Opponents argued that the North Fork project would open the floodgates to an unprecedented expansion of tribal gaming. But supporters, including advisers to Gov. Jerry Brown, maintained that the Central Valley project is a unique deal for a tribe without a true reservation, a deal that won Brown's backing only after the tribe agreed to a number of environmental and monetary concessions.

And from the beginning of the referendum process, the governor made clear that there was a chance that voters wouldn't get the last word.

"Some interpretations of the law suggest that the federal government can impose that (casino) compact," said Brown in a brief interview with me in late September 2013.

Can Feds Ignore Prop. 48's Defeat?

That legal opinion is not universally shared, but it continues to circulate for one simple reason: The 1988 federal law that legalized tribal gaming has no provision for a state's voters to reject a casino project that's received the green light from its governor.

North Fork tribal leaders have made no decision on whether they would ask U.S. Secretary of the Interior Sally Jewell to just override the electoral results. One leading opponent thinks the tribe, at least for now, can't do that.

"I believe it is too soon," said Cheryl Schmit, Prop. 48's proponent and a longtime critic of tribal gaming expansion.

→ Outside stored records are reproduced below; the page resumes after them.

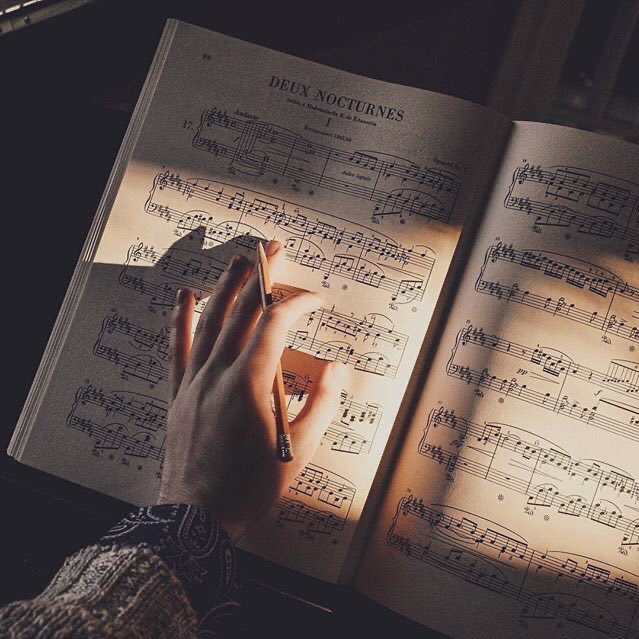 Wilson_Ellyna's tweet photo. ☽ 

                   Eᥣᥣყᥒᥲ Wιᥣsoᥒ

                              ❁

              ”𝖨𝖿 𝗐𝖾 𝖺𝗋𝖾 𝗍𝗈 𝖽𝗂𝖾 𝗈𝗇𝖾 𝖽𝖺𝗒,
         𝗐𝗈𝗎𝗅𝖽𝗇'𝗍 𝗂𝗍 𝖻𝖾 𝖻𝖾𝗍𝗍𝖾𝗋 𝗍𝗈 𝗁𝖺𝗏𝖾 𝗇𝗈
                          𝗋𝖾𝗀𝗋𝖾𝗍𝗌?”

✧ https://t.co/XRBRSqnxmL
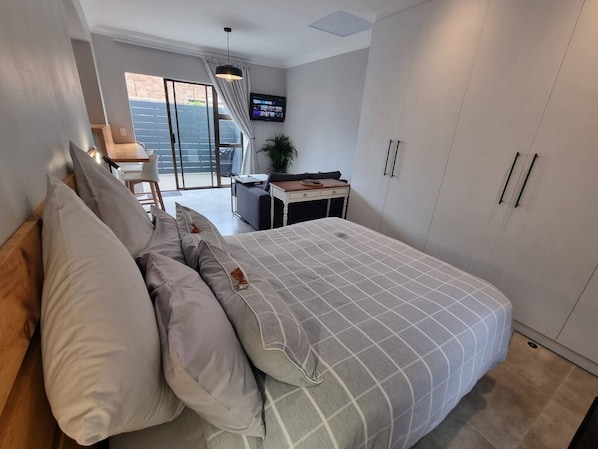 Iron/ironing board, Internet, bed sheets - Saxon Guest Cottage Suite (Cape Town)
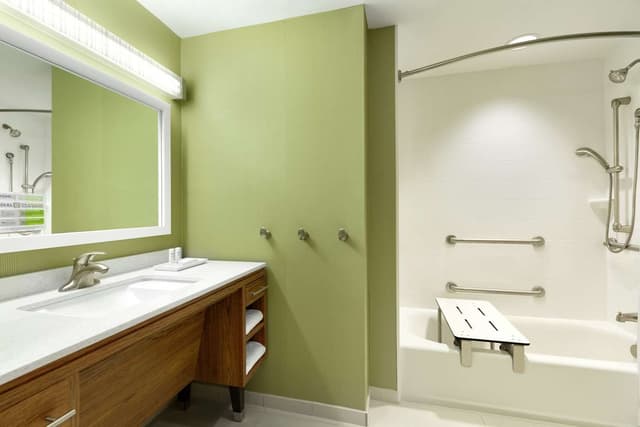 1 DOUBLE HEARING ACCESSIBLE STUDIO SUITE NS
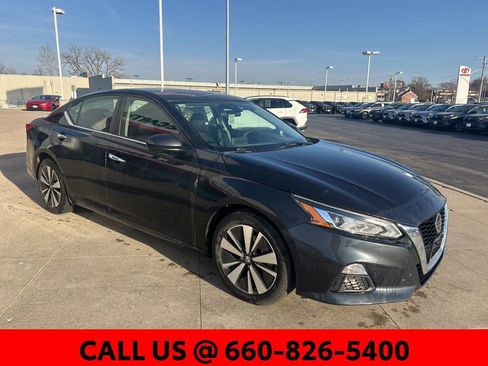 Used 2021 Nissan Altima 2.5 SV image 2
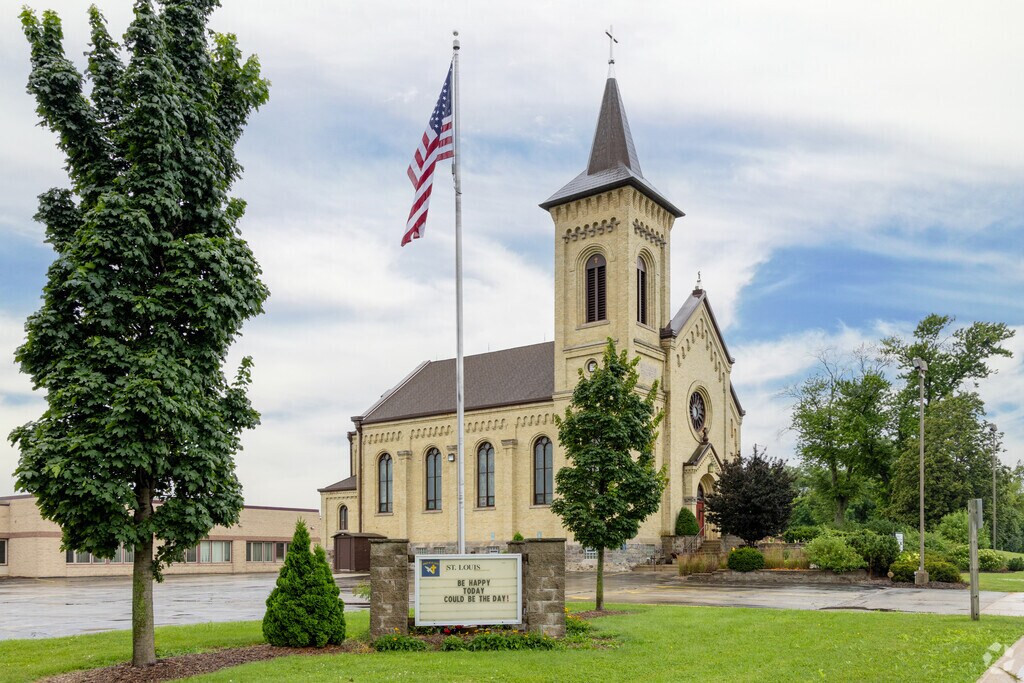St. Louis School is a private school located in Caledonia.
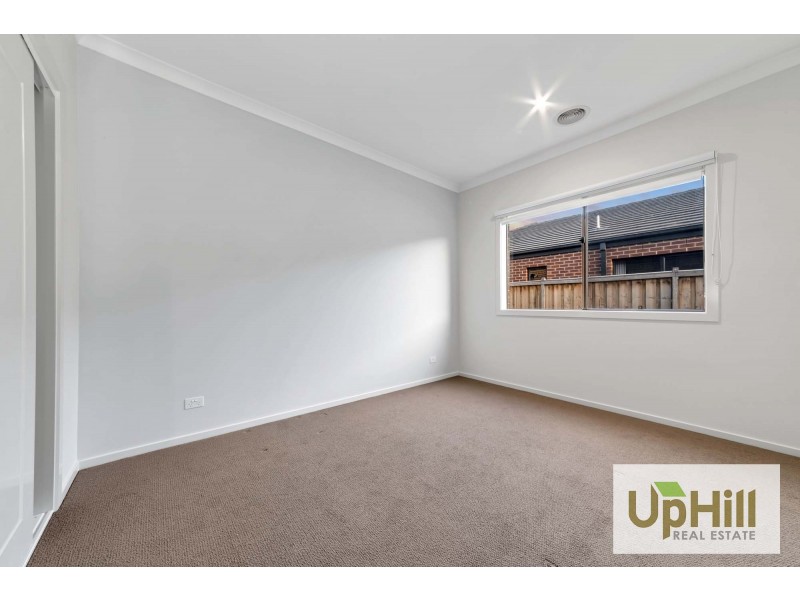 26 MURPHY STREET, Clyde North VIC 3978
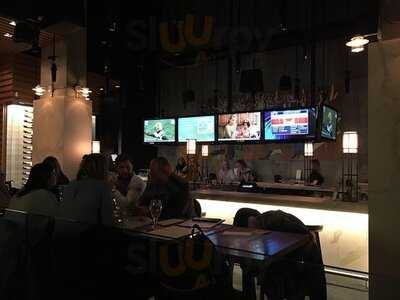 Moxies Grillades Bar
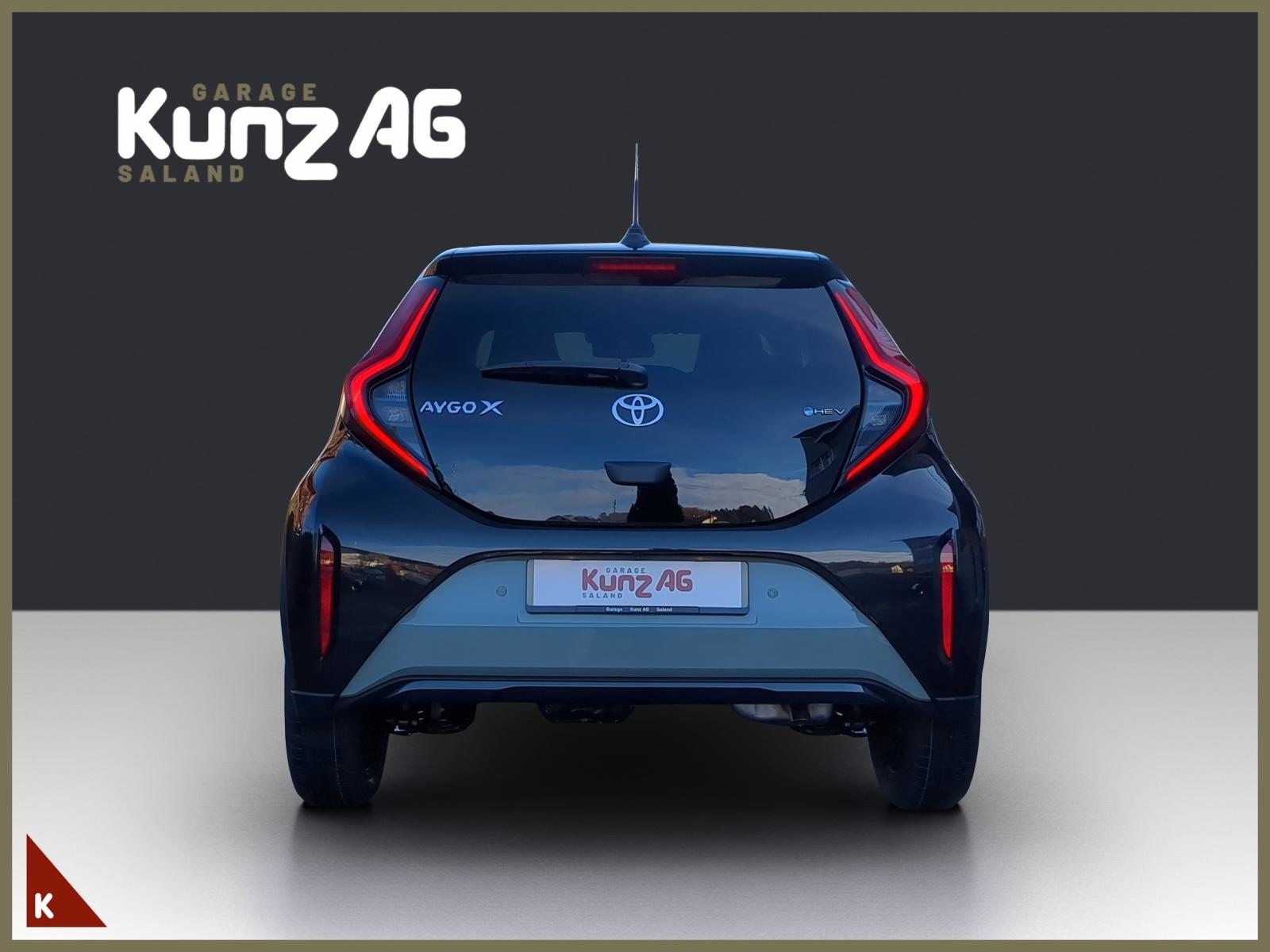 TOYOTA Aygo X 1.5 VVT-i HSD Style, Full-Hybrid Petrol/Electric, Second hand / Used, Automatic - 5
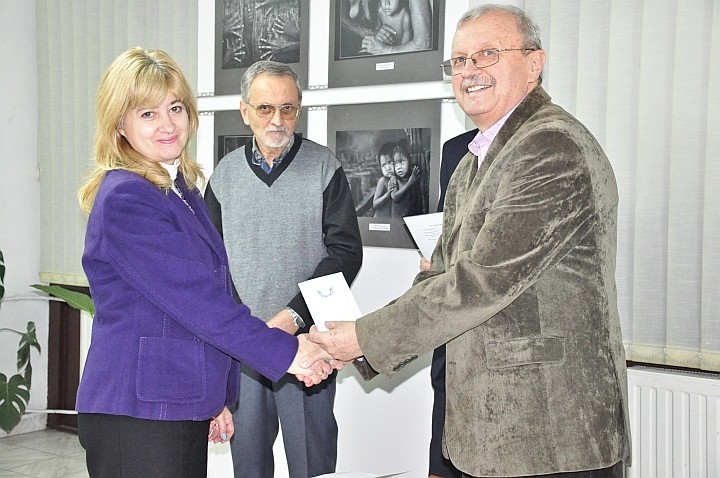 Artistă fotograf Valentina Stan, premiată din Oradea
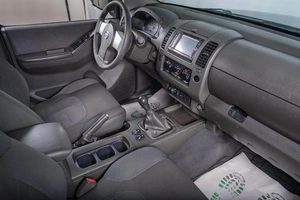 Пикап Nissan Navara 2010 года, 979000 рублей, Томск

Schmit points to two long-standing lawsuits against the North Fork project: a federal court fight over how the Madera parcel of land was cleared for a casino, and a state legal battle over the power of Brown to agree to a casino built on land that wasn't already eligible for tribal gaming when voters approved Proposition 1A in 2000.

"I believe those issues must be resolved before the tribe moves forward," said Schmit.

Lawsuits And Debate Continue

A similar fight, in that it involves land newly acquired for a tribal casino, is also brewing in Yuba County north of Sacramento. There, the Enterprise Rancheria of the Estom Yumeka Maidu has its own federal-state agreement for a casino. The ratification of that project by the Legislature has been stalled for more than a year, however, after legislative leaders suggested they wanted a statewide framework for such proposals in the wake of the North Fork fight.

Both the Yuba and Madera casino projects face court dates in early 2015, a fight that's a long time away from the rhetoric of the fall referendum campaign ... where voters could be forgiven for thinking they were making the final judgment.